In a year when political organizing moved from the back streets to Main Street, it wasn't hard to find people who had discovered its importance. If one great triumph came from this year's election, it was the unprecedented level of community activism that arose out of the movement against the war in Iraq and then channeled into the presidential campaign. Thousands of people went to work organizing meetings and MeetUps, hosting parties and walking door to door, registering voters and raising the millions of dollars in small contributions that brought the people's voices back into this election in a way not seen in generations.
The results locally were tangible. John Kerry took the Triangle, winning large majorities in Durham and Orange counties and coming close in Wake County. The challenge now is for those people who got involved for the first or second time to stay involved, to continue their efforts for decent health care, for women's reproductive rights, for gay rights and against the war.

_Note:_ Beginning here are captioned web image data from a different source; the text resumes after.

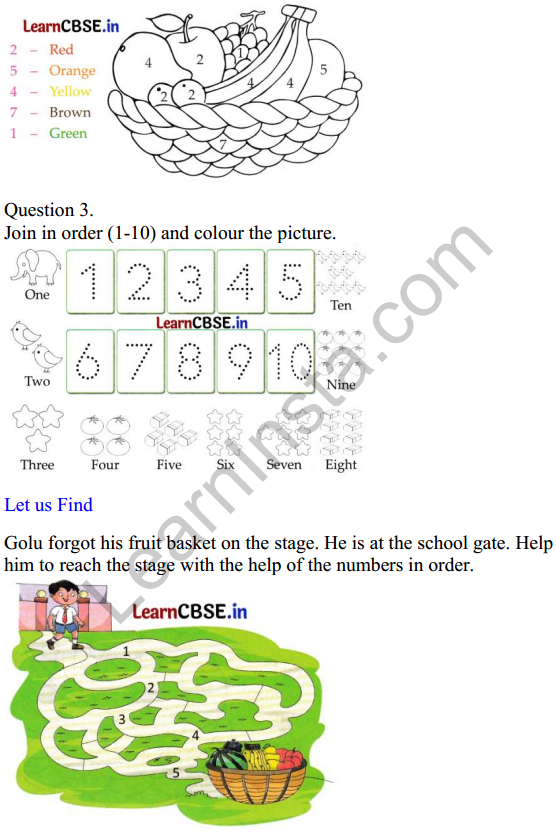 Joyful Class 1 Mathematics Worksheet Chapter 3 Mango Treat (Numbers 1 to 9) 11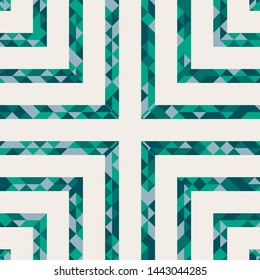 Abstract polygonal pattern with lines of colored triangles. Can be used as poster, banner, border, background, Wallpaper, card, print and etc. Eps10 vector.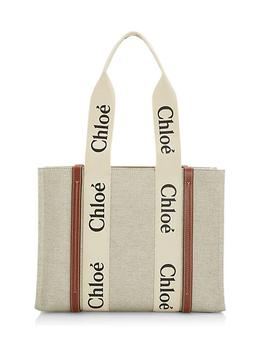 chloe woody, Chloé | Medium Woody Linen Tote商品图片 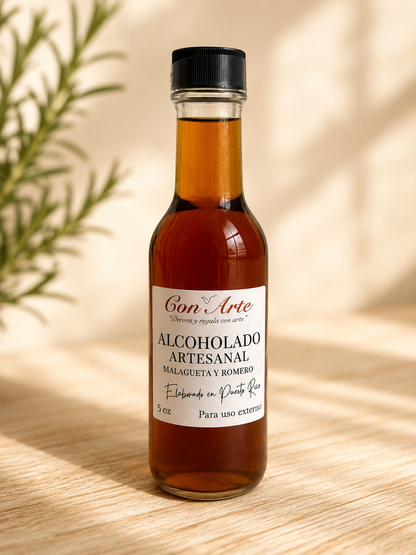 Artisanal Herbal Infused Alcohol Malagueta & Rosemary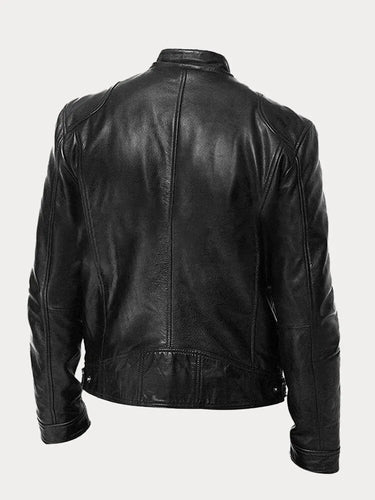 Avriane | Veste en cuir décontractée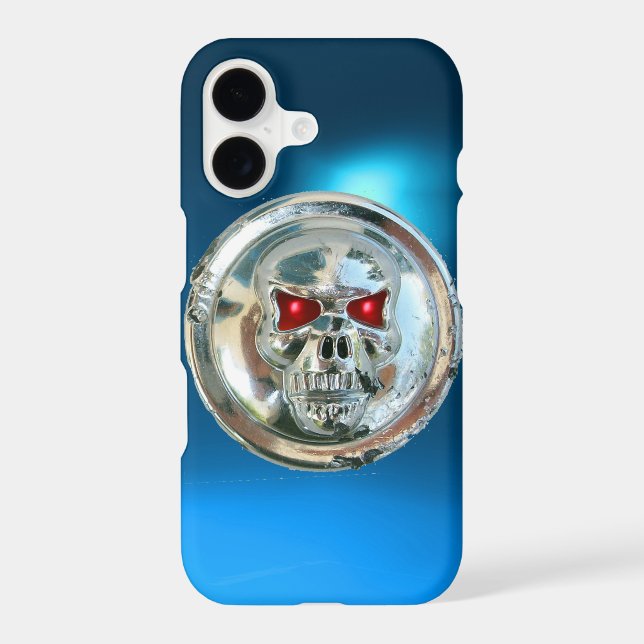 SKULL RIDERS MONOGRAM blue (Back)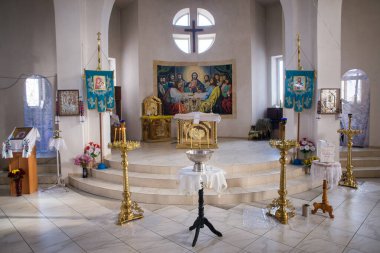 Ortodoks Hıristiyan Kilisesi 'nin içi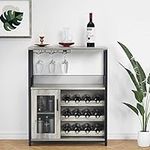 Amyove Wine Bar Cabinet with Detach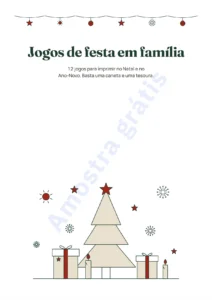 Jogos de festa em família — Jogos de festa em família — 12 jogos para imprimir no Natal e no Réveillon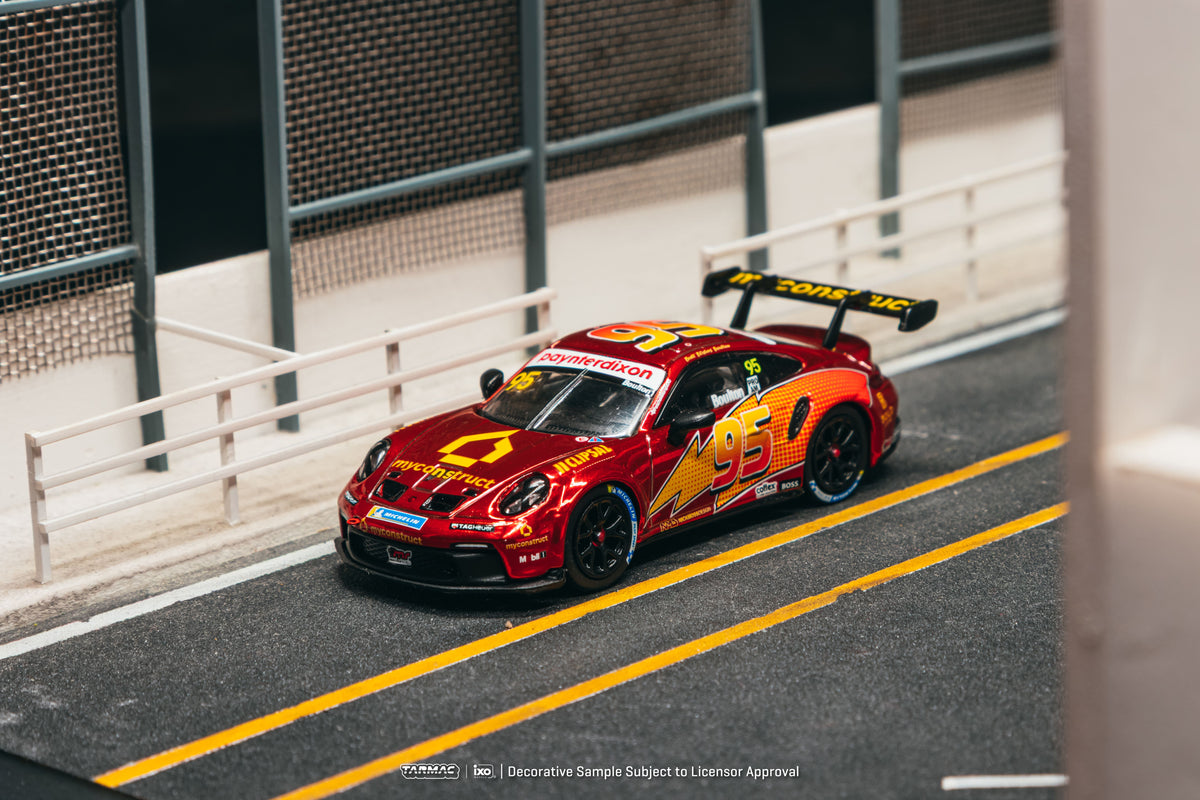 Tarmac Works 2025 Porsche 911 GT3 Cup 992 representing Brett Boulton in Porsche Carrera Cup Australia.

If they need examples of how to do it, they need look no further than our Citizen Award winners for 2004.
They are people who were all deeply involved in the election. For some, it was a continuation of the work they've been doing all their lives. Pete MacDowell and Peggy Misch have been on the front lines for decades, making progress protecting civil liberties and initiating campaign finance reform. The leaders and workers at El Pueblo have long advocated for the needs of Spanish-speaking immigrants and made the natural transition this year into protecting their electoral rights.
Other winners represent those who were compelled to action for the first time. Blaise Strenn went from mild-mannered brewmaster to leading Deaniac and continued as an organizer for John Kerry. The Civic Engagement Task Force began as a political science club at N.C. Central University and mushroomed into a political force.
This year, let those of us who were first-time activists be inspired by the hard-won successes of those who've done it much longer. Let us make sure that the real victory this year was not just the one-time mobilization of tens of thousands of new voters and activists, but the start of an entire movement.